実感の薄い事実と、実感の濃い仮想(擬似環境におかれている)

 仮定の質問には答えられない。自由民主党菅義偉官房長官は、そのように言っている。記者から質問を受けるのにさいして、仮定にもとづくと菅氏が見なしたものは、答えないようにしているようだ。このあり方ははたしてどうなのだろうという気がする。

 そもそもなぜ質問をするのかといえば、一つにはわからないからだというのがある。事実としてわかっていることであれば、それを質問する必要はとり立てて強くはない。

 わからないことを質問するのは自然なことであると見なせる。脳科学の説では、人間の脳には予想をするという本質があると言われている。この本質をふまえると、予想にもとづく質問をするのはそれほど不思議なことであるとは言えそうにない。的はずれな予想であればあまり意味はないのはあるだろうけど。

 人間はほかの動物とはちがい、二足直立歩行をする。二本の足で立って歩く。その姿勢により、後ろをふり返ることができるし、足元を見られるし、前を見わたしやすい。過去と現在と未来を見て行ける。事実としての現在(または過去)とは別に、色んな可能性を推しはかることを行なう。現実世界だけでなく、可能世界もまたある。

 仮定の質問を一つの範ちゅうと見なせるとすると、その中に色々な価値があるとできる。価値のないものもあれば、価値があるものもある。それらをいっしょくたにくくってしまうのはいささか乱暴だ。

 原則として仮定の質問には答えないとするのだとしても、そこに例外を置くことができる。その例外が許されるとすれば、必要性と許容性があることによると言える。必要性として、重要さや理由をもっていて、なおかつ許容できる範囲の内にあるものであれば、なるべく質問に答えるのがのぞましい。

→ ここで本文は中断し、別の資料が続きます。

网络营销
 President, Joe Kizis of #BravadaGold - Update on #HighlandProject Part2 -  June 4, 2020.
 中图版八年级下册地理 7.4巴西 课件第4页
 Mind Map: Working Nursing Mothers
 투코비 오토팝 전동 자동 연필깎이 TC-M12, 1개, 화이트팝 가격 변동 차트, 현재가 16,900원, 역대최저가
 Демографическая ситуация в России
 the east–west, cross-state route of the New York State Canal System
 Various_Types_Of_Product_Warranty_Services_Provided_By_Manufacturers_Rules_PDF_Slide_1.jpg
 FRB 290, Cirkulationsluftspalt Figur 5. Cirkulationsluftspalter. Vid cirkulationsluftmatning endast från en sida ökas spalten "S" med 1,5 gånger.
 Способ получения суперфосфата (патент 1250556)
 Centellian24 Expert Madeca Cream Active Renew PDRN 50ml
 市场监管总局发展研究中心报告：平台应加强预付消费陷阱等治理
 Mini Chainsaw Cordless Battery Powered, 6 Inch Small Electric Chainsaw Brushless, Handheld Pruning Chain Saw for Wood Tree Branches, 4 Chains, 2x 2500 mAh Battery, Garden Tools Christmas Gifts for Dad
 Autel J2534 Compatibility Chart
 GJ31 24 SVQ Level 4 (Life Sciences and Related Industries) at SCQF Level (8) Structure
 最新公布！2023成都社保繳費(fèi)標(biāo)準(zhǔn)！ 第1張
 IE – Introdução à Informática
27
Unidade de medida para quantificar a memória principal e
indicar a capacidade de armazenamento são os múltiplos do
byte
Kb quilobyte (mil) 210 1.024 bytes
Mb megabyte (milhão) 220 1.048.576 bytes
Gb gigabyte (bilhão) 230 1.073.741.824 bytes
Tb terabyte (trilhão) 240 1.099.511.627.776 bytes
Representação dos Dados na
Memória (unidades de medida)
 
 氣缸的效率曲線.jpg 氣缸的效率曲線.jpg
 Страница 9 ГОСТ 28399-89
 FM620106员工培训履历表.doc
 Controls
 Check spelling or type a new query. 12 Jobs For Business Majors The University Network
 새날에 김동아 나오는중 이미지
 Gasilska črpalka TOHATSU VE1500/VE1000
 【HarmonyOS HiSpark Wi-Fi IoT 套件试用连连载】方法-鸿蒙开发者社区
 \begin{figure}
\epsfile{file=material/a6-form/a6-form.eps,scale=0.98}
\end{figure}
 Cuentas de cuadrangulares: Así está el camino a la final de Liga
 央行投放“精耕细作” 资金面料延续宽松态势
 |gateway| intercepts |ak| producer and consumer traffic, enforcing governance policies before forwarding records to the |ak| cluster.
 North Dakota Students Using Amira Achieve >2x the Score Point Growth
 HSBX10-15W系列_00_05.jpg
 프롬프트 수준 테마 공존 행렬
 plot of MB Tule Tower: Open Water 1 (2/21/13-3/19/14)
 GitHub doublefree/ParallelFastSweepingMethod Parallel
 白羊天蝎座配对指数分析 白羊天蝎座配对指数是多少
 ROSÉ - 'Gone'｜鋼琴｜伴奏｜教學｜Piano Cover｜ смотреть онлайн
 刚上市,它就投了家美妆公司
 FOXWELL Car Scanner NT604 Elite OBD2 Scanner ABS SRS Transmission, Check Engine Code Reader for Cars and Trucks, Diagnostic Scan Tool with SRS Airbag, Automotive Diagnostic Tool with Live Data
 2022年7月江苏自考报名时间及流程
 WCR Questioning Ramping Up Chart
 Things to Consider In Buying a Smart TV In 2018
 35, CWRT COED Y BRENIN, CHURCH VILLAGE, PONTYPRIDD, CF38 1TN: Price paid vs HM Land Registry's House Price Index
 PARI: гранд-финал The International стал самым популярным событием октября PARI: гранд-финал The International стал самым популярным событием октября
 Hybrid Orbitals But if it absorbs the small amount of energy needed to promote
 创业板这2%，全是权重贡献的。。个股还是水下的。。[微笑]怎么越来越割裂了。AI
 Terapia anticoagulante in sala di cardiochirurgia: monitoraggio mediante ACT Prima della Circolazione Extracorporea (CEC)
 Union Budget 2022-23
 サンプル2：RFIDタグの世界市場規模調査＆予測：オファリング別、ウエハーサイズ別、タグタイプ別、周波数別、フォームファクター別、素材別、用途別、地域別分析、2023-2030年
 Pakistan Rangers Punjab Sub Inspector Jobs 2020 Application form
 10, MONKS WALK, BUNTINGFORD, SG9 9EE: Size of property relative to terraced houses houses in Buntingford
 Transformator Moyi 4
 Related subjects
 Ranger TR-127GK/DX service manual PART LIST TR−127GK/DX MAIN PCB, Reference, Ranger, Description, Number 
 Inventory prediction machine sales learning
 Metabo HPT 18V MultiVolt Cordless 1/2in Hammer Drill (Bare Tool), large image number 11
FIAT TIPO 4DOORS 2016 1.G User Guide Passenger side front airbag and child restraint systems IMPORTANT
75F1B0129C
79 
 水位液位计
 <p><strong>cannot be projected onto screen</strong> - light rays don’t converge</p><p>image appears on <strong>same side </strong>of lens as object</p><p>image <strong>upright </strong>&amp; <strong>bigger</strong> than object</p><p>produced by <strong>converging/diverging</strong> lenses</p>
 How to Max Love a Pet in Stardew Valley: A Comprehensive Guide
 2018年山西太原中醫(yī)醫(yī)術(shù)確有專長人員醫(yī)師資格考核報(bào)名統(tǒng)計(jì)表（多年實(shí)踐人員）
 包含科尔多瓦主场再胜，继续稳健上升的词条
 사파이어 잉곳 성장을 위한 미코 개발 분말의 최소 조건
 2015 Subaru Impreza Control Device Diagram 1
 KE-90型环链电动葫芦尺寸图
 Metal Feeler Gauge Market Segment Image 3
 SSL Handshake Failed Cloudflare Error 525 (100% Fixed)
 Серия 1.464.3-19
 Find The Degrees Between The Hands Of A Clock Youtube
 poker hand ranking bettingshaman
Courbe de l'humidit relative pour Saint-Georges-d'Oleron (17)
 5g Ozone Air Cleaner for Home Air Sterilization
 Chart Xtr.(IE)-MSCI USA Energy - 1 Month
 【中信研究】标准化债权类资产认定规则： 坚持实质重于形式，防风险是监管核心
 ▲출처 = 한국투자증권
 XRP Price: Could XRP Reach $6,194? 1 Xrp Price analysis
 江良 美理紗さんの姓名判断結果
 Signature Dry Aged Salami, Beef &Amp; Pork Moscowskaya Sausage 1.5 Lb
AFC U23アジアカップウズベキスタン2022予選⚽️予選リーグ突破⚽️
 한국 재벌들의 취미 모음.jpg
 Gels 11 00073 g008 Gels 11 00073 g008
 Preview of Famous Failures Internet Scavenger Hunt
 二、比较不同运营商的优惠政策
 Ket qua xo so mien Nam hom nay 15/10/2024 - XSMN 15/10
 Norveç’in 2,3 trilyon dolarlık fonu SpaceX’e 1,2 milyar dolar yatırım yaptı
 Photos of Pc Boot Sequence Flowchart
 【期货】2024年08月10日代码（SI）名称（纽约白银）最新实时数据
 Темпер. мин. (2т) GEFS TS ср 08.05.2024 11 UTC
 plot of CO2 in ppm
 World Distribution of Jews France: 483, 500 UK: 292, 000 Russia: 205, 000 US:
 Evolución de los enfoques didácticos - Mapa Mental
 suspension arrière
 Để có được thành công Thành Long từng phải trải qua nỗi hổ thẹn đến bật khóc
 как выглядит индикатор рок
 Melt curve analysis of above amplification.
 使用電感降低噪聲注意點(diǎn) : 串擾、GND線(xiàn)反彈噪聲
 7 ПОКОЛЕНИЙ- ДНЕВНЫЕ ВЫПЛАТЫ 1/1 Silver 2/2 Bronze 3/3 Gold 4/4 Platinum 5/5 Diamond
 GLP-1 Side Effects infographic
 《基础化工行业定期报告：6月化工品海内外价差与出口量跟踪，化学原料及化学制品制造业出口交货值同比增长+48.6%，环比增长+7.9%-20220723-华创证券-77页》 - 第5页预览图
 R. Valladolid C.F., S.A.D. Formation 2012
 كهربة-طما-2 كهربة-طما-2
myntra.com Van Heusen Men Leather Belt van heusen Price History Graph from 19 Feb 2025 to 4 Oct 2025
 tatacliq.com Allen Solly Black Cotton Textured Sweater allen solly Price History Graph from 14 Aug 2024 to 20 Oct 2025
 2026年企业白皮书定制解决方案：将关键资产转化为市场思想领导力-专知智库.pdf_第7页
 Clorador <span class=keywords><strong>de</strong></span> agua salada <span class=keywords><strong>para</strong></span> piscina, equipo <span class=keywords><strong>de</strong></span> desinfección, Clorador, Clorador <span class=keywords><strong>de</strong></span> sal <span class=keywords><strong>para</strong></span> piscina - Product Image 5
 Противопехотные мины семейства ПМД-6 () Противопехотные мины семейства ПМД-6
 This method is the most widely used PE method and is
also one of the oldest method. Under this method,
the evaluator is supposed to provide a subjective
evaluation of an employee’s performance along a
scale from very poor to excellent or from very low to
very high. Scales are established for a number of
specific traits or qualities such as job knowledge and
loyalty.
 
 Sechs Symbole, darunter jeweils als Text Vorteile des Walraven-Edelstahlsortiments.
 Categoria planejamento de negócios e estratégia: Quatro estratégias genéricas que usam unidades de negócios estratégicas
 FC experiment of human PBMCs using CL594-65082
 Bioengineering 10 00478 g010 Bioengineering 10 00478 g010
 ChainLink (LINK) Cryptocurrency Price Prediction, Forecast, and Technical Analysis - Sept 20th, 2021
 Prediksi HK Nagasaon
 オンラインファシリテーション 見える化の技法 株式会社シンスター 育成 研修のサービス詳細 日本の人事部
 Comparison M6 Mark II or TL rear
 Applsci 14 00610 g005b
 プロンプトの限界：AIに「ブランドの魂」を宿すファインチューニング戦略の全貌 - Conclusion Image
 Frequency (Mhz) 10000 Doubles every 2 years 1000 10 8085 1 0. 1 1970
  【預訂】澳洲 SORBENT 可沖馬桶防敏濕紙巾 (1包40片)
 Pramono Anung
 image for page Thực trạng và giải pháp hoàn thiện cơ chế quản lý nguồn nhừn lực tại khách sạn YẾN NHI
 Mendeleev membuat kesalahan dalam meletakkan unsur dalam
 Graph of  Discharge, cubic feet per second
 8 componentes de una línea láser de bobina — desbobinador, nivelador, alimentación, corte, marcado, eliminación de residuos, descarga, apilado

 菅氏と記者とのあいだのやりとりを、一つの場面であると見なせる。そこでは、言語行為が行なわれる。その言語行為において、仮定の質問には答えられないというのが、一つの統制的規則としてとられているということができそうだ。この規則が客観から見て妥当なものであるのかどうかはとりあえず置いておくとして、現に用いられていることはたしかである。

 統制的規則がとられるのは、菅氏と記者とのあいだに序列の関係があるからだろう。菅氏が規則を用いて、記者がそれにしたがう。そうした図式である。これは権力のはたらきによると言ってさしつかえがない。質問に答えなければならない菅氏の立場は必ずしも気安いものではないかもしれないから、菅氏(または政治家)から見ればこの規則は妥当なものなのだろう。

 説明責任(アカウンタビリティ)の点から言えるとすれば、そもそも記者から質問をされる前に、自分から説明するのがあればのぞましい。質問をされてから答えるのではやや遅いとすら言えるのがある。ましてや、質問されたことに答えないのではちょっと残念だ。有権者である国民にたいしてすすんで説明してゆく姿勢があれば、後手に回らずにすむ。

 事実にもとづくのが大事だというのもわからないではないのだけど、逆にいえば、もっと記者に仮定や空想を存分にはたらかせてもらったらどうだろうか。それをうながすのである。仮定や空想は、必ずしも否定の価値をもつものとは言い切れない。そこには知性や理性もはたらいている。人にたいする優しさといったことでの想像(ファンタシー)のありなしというのもある。この想像とは、立場を変えてみるという反転可能性と言ってもよいし、気持ちを察するのや相手の考えを尊重することでもあるだろう。